# [Records from a data collection]
+---+
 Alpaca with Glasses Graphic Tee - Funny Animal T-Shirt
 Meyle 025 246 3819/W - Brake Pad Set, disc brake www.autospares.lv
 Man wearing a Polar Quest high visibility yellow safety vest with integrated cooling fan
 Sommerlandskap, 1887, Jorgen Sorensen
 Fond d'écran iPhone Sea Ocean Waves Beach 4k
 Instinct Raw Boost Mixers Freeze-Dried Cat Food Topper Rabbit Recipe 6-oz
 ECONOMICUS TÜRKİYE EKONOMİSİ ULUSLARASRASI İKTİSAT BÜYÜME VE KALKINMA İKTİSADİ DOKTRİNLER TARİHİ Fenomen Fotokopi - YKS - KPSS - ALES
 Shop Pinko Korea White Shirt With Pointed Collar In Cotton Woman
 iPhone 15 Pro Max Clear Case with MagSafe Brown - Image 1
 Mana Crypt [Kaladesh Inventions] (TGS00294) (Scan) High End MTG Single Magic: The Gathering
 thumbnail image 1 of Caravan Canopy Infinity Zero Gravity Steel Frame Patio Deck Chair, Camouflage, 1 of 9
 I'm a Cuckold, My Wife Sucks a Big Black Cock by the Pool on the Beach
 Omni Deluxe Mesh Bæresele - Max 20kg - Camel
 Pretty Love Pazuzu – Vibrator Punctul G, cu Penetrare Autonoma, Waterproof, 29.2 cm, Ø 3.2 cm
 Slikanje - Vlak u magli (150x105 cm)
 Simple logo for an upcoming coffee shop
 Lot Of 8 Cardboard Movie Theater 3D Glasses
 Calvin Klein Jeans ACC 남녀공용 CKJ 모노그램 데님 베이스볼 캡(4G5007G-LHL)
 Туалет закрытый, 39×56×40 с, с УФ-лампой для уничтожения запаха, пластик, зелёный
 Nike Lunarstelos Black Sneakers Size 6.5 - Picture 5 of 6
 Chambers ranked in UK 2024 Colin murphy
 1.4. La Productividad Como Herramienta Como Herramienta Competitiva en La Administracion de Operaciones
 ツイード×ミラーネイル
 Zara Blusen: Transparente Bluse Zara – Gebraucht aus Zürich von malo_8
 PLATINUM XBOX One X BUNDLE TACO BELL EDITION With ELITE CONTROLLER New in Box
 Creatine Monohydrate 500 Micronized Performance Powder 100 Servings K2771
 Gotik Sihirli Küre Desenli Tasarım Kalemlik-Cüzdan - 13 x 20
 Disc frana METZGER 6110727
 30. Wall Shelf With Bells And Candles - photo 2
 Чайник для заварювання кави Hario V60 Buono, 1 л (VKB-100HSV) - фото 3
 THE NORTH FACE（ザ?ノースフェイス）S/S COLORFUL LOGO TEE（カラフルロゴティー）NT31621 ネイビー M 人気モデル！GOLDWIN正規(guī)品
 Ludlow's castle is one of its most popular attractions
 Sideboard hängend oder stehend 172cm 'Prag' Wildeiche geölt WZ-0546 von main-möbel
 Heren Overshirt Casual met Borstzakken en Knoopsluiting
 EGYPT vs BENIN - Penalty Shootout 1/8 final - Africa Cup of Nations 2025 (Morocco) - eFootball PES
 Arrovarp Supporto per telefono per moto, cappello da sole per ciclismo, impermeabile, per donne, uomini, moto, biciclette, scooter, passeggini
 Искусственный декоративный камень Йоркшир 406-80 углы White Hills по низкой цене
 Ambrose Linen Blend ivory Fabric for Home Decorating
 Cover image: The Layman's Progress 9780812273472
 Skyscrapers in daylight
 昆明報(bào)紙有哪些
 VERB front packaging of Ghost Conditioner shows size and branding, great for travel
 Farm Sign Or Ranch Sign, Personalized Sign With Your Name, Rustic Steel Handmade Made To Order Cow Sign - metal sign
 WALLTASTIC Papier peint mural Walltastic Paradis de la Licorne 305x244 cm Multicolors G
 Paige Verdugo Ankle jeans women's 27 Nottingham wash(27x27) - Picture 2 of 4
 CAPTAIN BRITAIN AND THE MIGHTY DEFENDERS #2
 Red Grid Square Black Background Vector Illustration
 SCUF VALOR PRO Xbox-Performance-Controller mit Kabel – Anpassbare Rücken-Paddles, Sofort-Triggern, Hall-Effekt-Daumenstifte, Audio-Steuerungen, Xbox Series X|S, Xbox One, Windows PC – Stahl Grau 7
+---+
# [Your goal]
Copy the records above faithfully. Begin at their first line, end at the line containing "Lot Of 8 Cardboard Movie Theater 3D Glasses", and include nothing else.

# [Task result]
 Alpaca with Glasses Graphic Tee - Funny Animal T-Shirt
 Meyle 025 246 3819/W - Brake Pad Set, disc brake www.autospares.lv
 Man wearing a Polar Quest high visibility yellow safety vest with integrated cooling fan
 Sommerlandskap, 1887, Jorgen Sorensen
 Fond d'écran iPhone Sea Ocean Waves Beach 4k
 Instinct Raw Boost Mixers Freeze-Dried Cat Food Topper Rabbit Recipe 6-oz
 ECONOMICUS TÜRKİYE EKONOMİSİ ULUSLARASRASI İKTİSAT BÜYÜME VE KALKINMA İKTİSADİ DOKTRİNLER TARİHİ Fenomen Fotokopi - YKS - KPSS - ALES
 Shop Pinko Korea White Shirt With Pointed Collar In Cotton Woman
 iPhone 15 Pro Max Clear Case with MagSafe Brown - Image 1
 Mana Crypt [Kaladesh Inventions] (TGS00294) (Scan) High End MTG Single Magic: The Gathering
 thumbnail image 1 of Caravan Canopy Infinity Zero Gravity Steel Frame Patio Deck Chair, Camouflage, 1 of 9
 I'm a Cuckold, My Wife Sucks a Big Black Cock by the Pool on the Beach
 Omni Deluxe Mesh Bæresele - Max 20kg - Camel
 Pretty Love Pazuzu – Vibrator Punctul G, cu Penetrare Autonoma, Waterproof, 29.2 cm, Ø 3.2 cm
 Slikanje - Vlak u magli (150x105 cm)
 Simple logo for an upcoming coffee shop
 Lot Of 8 Cardboard Movie Theater 3D Glasses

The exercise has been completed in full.